Jesús no le responde. Responde, sin embargo, a su primo Santiago, que le pregunta con los ojos empañados de llanto: -¿Por qué, hermano, haces siempre citas del Libro en tus despedidas?
Para que quien me acuse no diga ni que desvarío ni que blasfemo, y para que quien no quiera rendirse ante la realidad de las cosas comprenda que desde siempre la Revelación me ha mostrado Rey de un reino no humano, que se configura, se construye y cimenta con la inmolación de la Víctima, de la única Víctima que puede recrear el Reino de los Cielos, destruido por Satanás y la primera pareja. Soberbia, odio, mentira, lujuria, desobediencia, han destruido; humildad, obediencia, amor, pureza, sacrificio, reconstruirán… No llores, mujer. Los que tú amas, que esperan, suspiran por la hora de mi inmolación…
Entran en la casa y, mientras los apóstoles se dedican a reponer las fuerzas de sus cuerpos y a confortar su estómago, Jesús va al jardín (un jardín ordenado, florido) y, sólo con Elisa, la escucha.
-Maestro, Juana quiere hablar contigo en secreto; sólo yo lo sé. Me ha mandado aquí a Jonatán. Ha dicho: «Por cosas muy graves». Ni siquiera la hija que me diste – y bendito seas por ello – lo sabe. Juana ha enviado a servidores suyos en todas las direcciones para buscarte. Pero no te han encontrado…

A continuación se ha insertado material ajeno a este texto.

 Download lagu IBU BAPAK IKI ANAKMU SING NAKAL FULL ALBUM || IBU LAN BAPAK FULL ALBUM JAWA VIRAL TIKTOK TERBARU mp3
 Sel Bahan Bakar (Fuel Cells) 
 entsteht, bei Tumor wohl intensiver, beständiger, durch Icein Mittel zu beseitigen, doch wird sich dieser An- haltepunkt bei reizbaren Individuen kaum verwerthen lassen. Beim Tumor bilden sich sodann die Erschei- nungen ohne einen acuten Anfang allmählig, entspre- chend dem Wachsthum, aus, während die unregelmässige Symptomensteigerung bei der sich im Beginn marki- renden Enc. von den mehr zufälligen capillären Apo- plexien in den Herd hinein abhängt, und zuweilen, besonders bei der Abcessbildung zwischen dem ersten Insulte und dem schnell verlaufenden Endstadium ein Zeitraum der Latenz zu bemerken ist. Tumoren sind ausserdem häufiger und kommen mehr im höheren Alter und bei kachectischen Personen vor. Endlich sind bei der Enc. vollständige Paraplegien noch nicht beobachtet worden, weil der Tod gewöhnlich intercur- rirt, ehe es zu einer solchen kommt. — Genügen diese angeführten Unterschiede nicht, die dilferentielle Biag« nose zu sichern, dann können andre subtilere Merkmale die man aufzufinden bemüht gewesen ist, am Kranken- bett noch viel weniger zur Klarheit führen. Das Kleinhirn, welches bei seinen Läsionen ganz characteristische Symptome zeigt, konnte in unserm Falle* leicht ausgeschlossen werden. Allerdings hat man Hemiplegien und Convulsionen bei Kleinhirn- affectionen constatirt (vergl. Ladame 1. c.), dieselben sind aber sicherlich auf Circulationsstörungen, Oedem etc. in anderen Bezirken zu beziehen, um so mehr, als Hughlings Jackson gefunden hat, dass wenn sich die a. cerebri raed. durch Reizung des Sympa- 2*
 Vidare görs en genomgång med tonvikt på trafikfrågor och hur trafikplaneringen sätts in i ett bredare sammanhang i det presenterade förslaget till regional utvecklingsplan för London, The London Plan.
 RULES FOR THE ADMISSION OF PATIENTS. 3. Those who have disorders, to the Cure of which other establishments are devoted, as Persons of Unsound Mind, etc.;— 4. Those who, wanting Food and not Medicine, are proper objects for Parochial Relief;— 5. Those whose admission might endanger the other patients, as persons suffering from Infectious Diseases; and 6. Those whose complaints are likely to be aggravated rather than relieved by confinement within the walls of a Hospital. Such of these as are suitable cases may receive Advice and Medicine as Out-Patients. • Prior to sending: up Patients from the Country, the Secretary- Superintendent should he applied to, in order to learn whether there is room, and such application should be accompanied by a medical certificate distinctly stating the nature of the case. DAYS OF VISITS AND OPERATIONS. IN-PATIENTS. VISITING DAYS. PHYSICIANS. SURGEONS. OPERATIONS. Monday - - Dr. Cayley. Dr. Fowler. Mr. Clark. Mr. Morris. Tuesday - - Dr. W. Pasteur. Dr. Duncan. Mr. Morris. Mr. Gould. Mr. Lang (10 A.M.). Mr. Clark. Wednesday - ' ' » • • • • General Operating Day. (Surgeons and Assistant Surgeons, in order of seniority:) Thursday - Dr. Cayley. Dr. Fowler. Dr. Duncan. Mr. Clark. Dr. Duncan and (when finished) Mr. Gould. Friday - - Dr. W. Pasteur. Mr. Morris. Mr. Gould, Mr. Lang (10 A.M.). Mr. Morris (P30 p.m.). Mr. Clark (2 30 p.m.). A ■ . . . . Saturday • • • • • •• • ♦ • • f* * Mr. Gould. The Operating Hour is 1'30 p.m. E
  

-Estaba muy lejos, y habría ido aún más lejos, si no me hubiera impulsado el espíritu a volver… Elisa, vendrás conmigo y con el Zelote a casa de Juana. Los otros se quedarán aquí dos días descansando, luego irán a Béter. Tú regresarás con Jonatán. -Sí, mi Señor…
Elisa lo mira, maternal, lo escudriña… No sabe contenerse una palabra:
-¿Sufres?
Jesús menea la cabeza sin un verdadero signo de negación, pero con claro desconsuelo.
-Soy una madre… Tú eres mi Dios… pero… ¡Oh, mi Señor! ¿Qué crees que quiere Juana? Hablabas de muerte y yo lo he comprendido, porque en el Templo las vírgenes leían mucho los lugares de las Escrituras donde se habla de ti, Salvador, y me acuerdo de esas palabras. Hablabas de muerte y tu rostro resplandecía de alegría celestial… Ahora no resplandece tu rostro… María fue para mí como una hija… y Tú eres el Hijo de Ella… Por eso, si no es pecado decirlo, te veo un poco como hijo mío… Tu Madre está lejos… Pero tienes a tu lado a una madre. Bendito de Dios, ¿no puedo aliviar tu pena?
Ya la alivias porque me quieres. ¿Que qué pienso acerca de lo que Juana me tiene que decir? Mi vida es como este rosal. Las rosas sois vosotras, discípulas buenas. ¿Pero, si se quitan las rosas, que queda? Espinas…
-Pero a nosotras nos tendrás hasta la muerte.
-Es verdad. ¡Hasta la muerte! Y el Padre os bendecirá por el consuelo que me habréis de procurar. Vamos a entrar en la casa. Descansemos. A la puesta del sol partiremos para Béter.